Economic Participation Of Globalive And Non-Canadians

The CRTC ruled that while the 65.1 % equity interest held by Orascom provides an avenue for influence in this case, consistent with previous CRTC decisions, it is not sufficient on its own to convert that influence into control.

Financing Arrangements

The CRTC noted that debt levels and debt financing arrangements can be important indicia of where influence lies. It repeated its observation in the CanWest decision that the concentration of debt and equity in the hands of a single foreign entity can create an opportunity for undue influence over the venture by that non-Canadian entity.

In the present case, the CRTC noted that Orascom has provided approximately 99 percent of Globalive's current debt, excluding some third-party vendor financing, which represents the vast majority of Globalive's total financing. The magnitude of the debt provided by Orascom, the relative debt to equity financing, and the fact that the debt is concentrated in the hands of a single entity caused the CRTC concern with the loans as a source of Orascom influence. The modifications to the covenants and terms of the loans did little to reduce this concern. Furthermore, the CRTC noted that covenants similar to those deleted from the Orascom loan agreements were still contained in Schedule A to the Shareholders' Agreement.

In addition to the above-noted concerns, the CRTC considered that a company's inability to obtain financing from third-party sources may also be relevant to the issue of control in fact. As noted in the Unitel decision, "In certain circumstances it may be possible to conclude that a non-Canadian shareholder or lender may have a considerable amount of leverage, and even control, over a cash-strapped telecommunications common carrier."

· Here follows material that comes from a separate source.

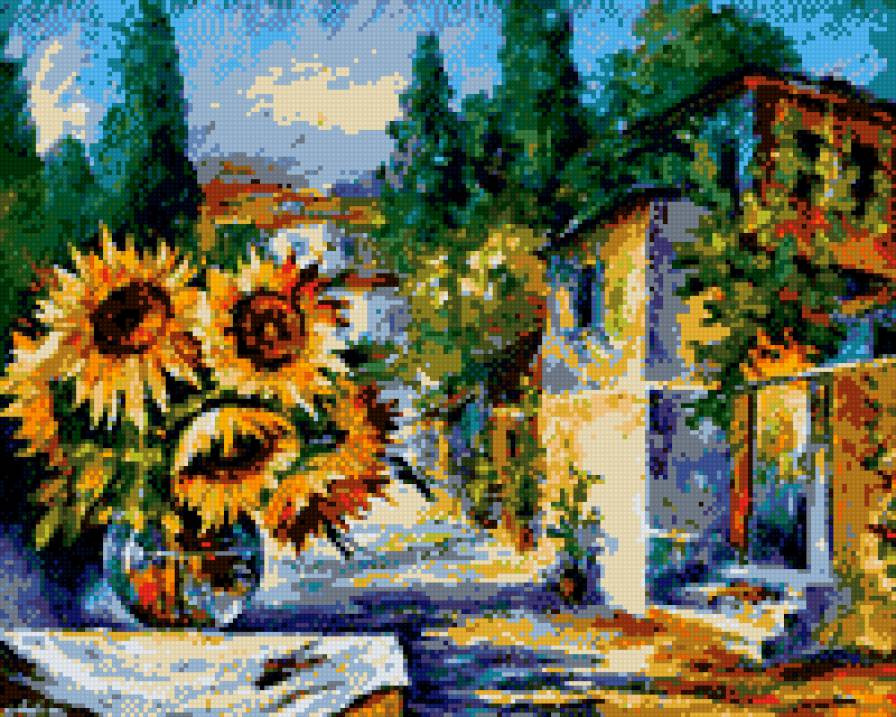 №624220 - предпросмотр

It is the CRTC's view that such a significant concentration of debt in the hands of Orascom, representing the vast majority of Globalive's enterprise value, serves to provide Orascom with leverage over Globalive. The CRTC concluded on this issue by stating that, given Orascom's equity interest in Globalive, "...such a high level of debt in the hands of a non-Canadian is unacceptable".

Conclusion

It is clear from the decision that it was the debt structure that ultimately led the Commission to conclude that Globalive is controlled in fact by Orascom. In its concluding remarks the Commission stated that given the changes that were made during the public hearing, and presuming that the additional changes identified in the decision were made, the equity position of Orascom, its position as the principal source of technical expertise, and its control of the WIND trademark would not cause the CRTC to conclude that Orascom is in a position of influence that is both "dominant and determining".

"However, when these levers are considered in concert with Orascom's provision of the vast majority of Globalive's debt financing, the Commission finds that it cannot conclude that Globalive is not controlled in fact by a non-Canadian, to wit Orascom. In other words, the Commission finds that Orascom has the ongoing ability to determine Globalive's strategic decision-making activities."

In light of the foregoing, the CRTC determined that Globalive is controlled in fact by Orascom, a non-Canadian. Therefore, Globalive does not meet the ownership and control requirements in the Telecommunications Act and is not currently eligible to operate as a telecommunications common carrier in Canada.

While this ruling by the CRTC does not mean that Globalive cannot come back with a new structure that satisfies the stated concerns, it is clear from the CRTC's concluding remarks that the debt structure will have to be addressed before this can happen. Given Globalive's statements during the public hearing regarding the difficulty of attracting debt financing for a "green field" operation at this point in time, this decision could seriously jeopardize the timing of the company's service launch.